参考:https://www.cnblogs.com/NightPxy/p/9230253.html
1.hive 语句执行顺序
from... where.... select...group by... having ... order by...
执行计划
Map Operator Tree:
TableScan
alias: 表名 -- 相当于 from ...
Filter Operator
predicate: where中的字段 -- 过滤where字段的条件
Select Operator
expressions: select 中的字段 + 类型type -- select
outputColumnNames: 输出的字段 -- select
Group By Operator
aggregations: 聚合函数 sum(age)/count(age)等
keys: group by 中的字段 + 类型type
Reduce Output Operator
map端本地的reduce
Reduce Operator Tree:
Group By Operator
aggregations: sum(VALUE._col0) --reduce 聚合函数 对虚拟列
keys: KEY._col0 (type: string), KEY._col1 (type: string), KEY._col2 (type: string)
mode: mergepartial
outputColumnNames: _col0, _col1, _col2, _col3 --为临时结果字段按规则起的临时字段名
Select Operator
expressions: _col0 (type: string), _col1 (type: string), _col2 (type: string), _col3 (type: bigint) --select
outputColumnNames: _col0, _col1, _col2, _col3 -- 输出虚拟列(为临时结果字段按规则起的临时字段名)
File Output Operator
compressed: false
2.HiveSQL的MR转换
2.1 不跑MapReduce的情况
HiveSQL不是每种情况都会跑MapReduce的.基本查询,或者是不涉及计算(比如查询分区表)的查询,是不会启动MapReduce任务的
explain select * from dept_et limit 1;
STAGE DEPENDENCIES:
Stage-0 is a root stage
STAGE PLANS:
Stage: Stage-0
Fetch Operator
limit: 1
Processor Tree:
TableScan
alias: dept_et
Statistics: Num rows: 1 Data size: 322 Basic stats: COMPLETE Column stats: NONE
Select Operator
expressions: id (type: int), name (type: string), city (type: string)

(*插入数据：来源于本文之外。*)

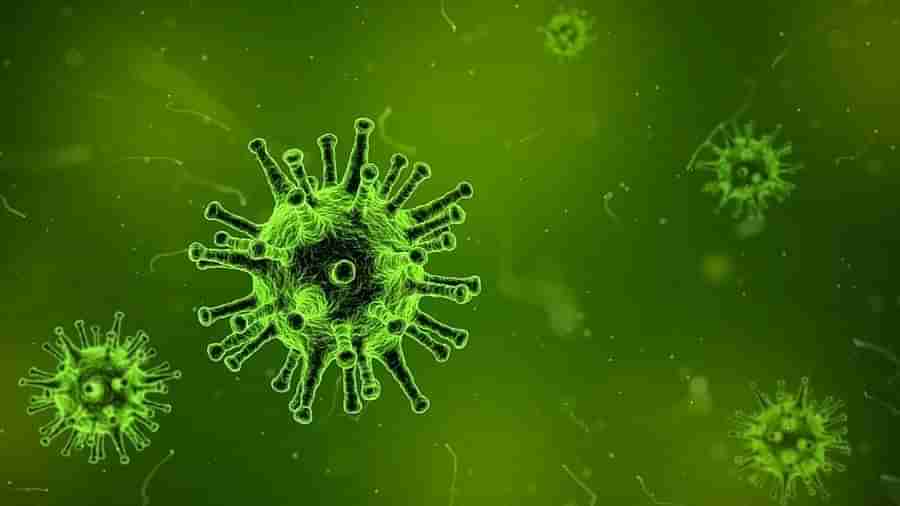 Omicron Variant: કોરોના વાયરસના નવા વેરિઅન્ટ ઓમિક્રોન અંગે WHO એ હાઈ રિસ્ક ચેતવણી જાહેર કરી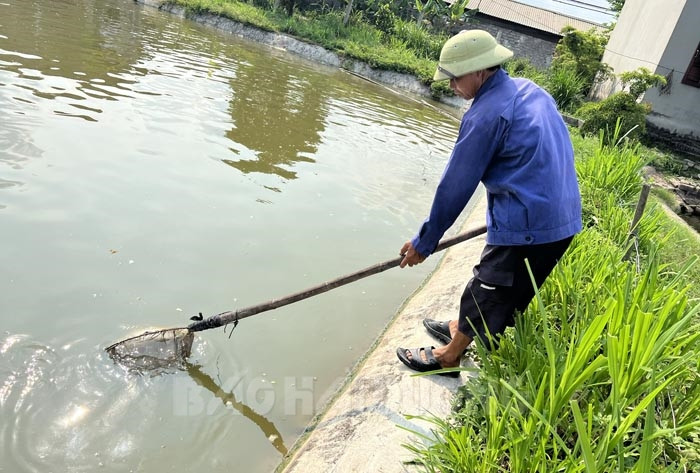 Cá chết rải rác quanh năm, người nuôi cá Hải Dương đau đầu tìm cách ứng phó dịch bệnh - Ảnh 2.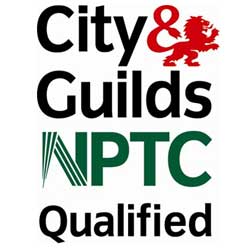 Fully qualified Tree Surgeon in Oxfordshire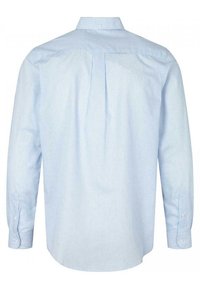 Light blue striped long-sleeve shirt with a pointed collar, button closure, and a pleat detail at the back, made from a smooth fabric.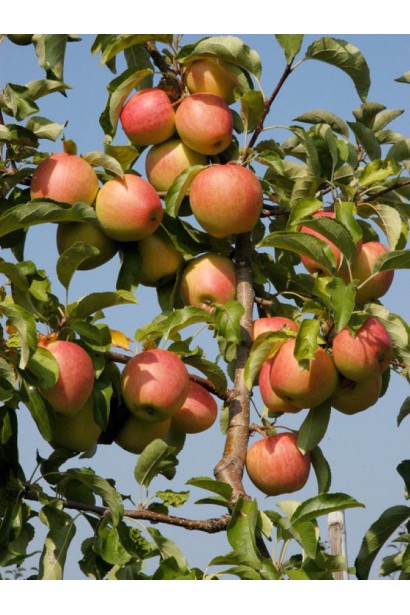 Яблуня літня Pirus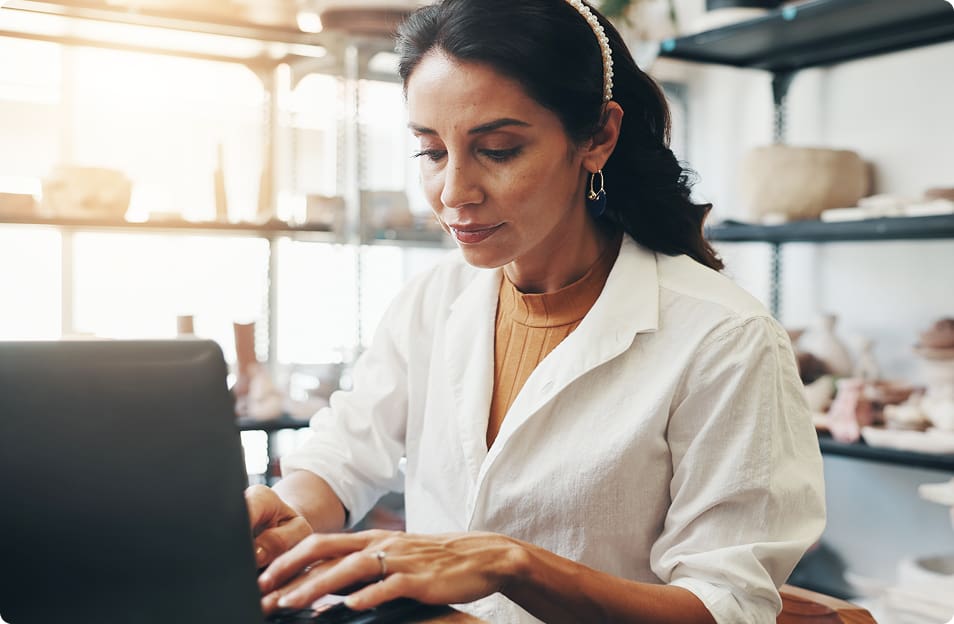 NetSuite Museum Accounting Software Thumbnail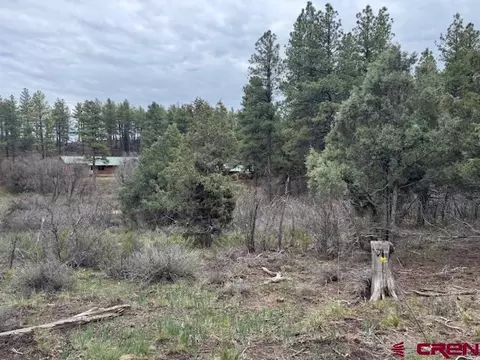 512 564 Jack Rabbit Rd, Pagosa Springs, CO 81147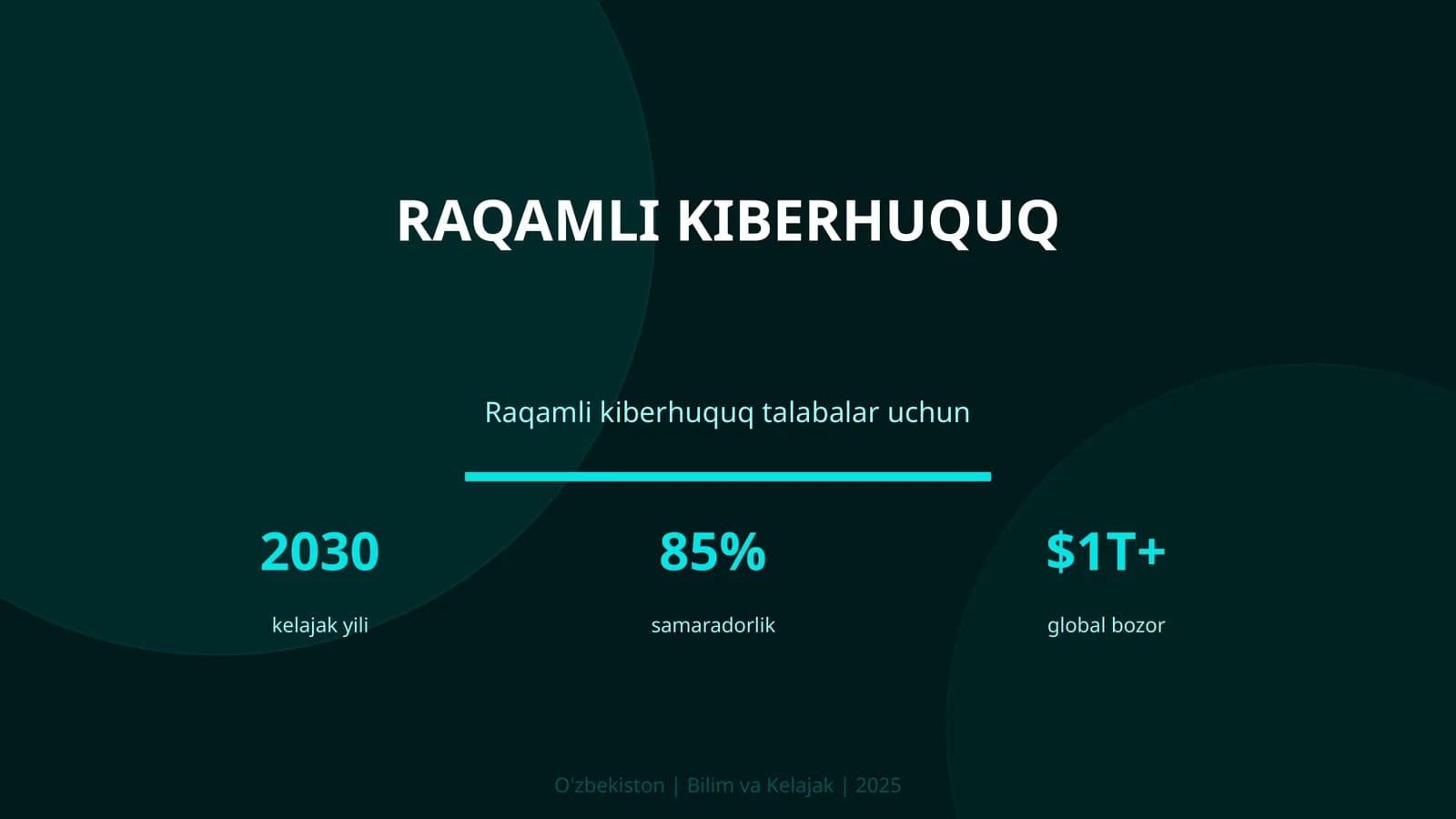 Raqamli kiberhuquq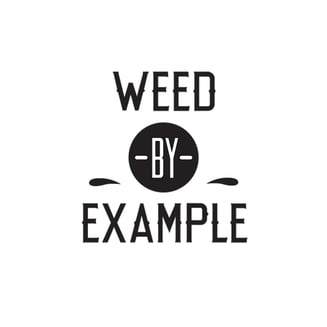 Apple Jack by Weed By Example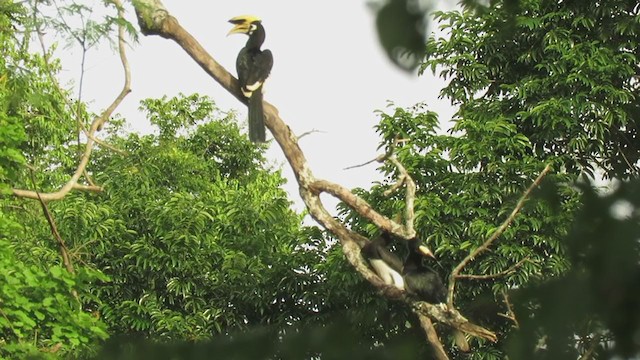 Oriental Pied-Hornbill - ML354523141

outputColumnNames: _col0, _col1, _col2
Statistics: Num rows: 1 Data size: 322 Basic stats: COMPLETE Column stats: NONE
Limit
Number of rows: 1
Statistics: Num rows: 1 Data size: 322 Basic stats: COMPLETE Column stats: NONE
ListSink
2.2 join
explain select * from dept_et et join dept_mg mg on et.id= mg.id
<!--构筑MR作业流 4=>3=>0(结束) -->
STAGE DEPENDENCIES:
Stage-4 is a root stage
Stage-3 depends on stages: Stage-4
Stage-0 depends on stages: Stage-3
STAGE PLANS:
<!--第一步MR 表扫描mg(dept_mg mg) 自带一个基础过滤谓词(id is not null)
这里可以看出 join的基准表是后表
Map Reduce Local 本地化的MapReduce
因为测试表的数据量非常小,所以Hive最终选择将数据拉取到本地直接操作,而不是去执行一个完整的分布式MapReduce-->
Stage: Stage-4
Map Reduce Local Work
Alias -> Map Local Tables:
mg
Fetch Operator
limit: -1
Alias -> Map Local Operator Tree:
mg
TableScan
alias: mg
Statistics: Num rows: 1 Data size: 79 Basic stats: COMPLETE Column stats: NONE
Filter Operator
predicate: id is not null (type: boolean)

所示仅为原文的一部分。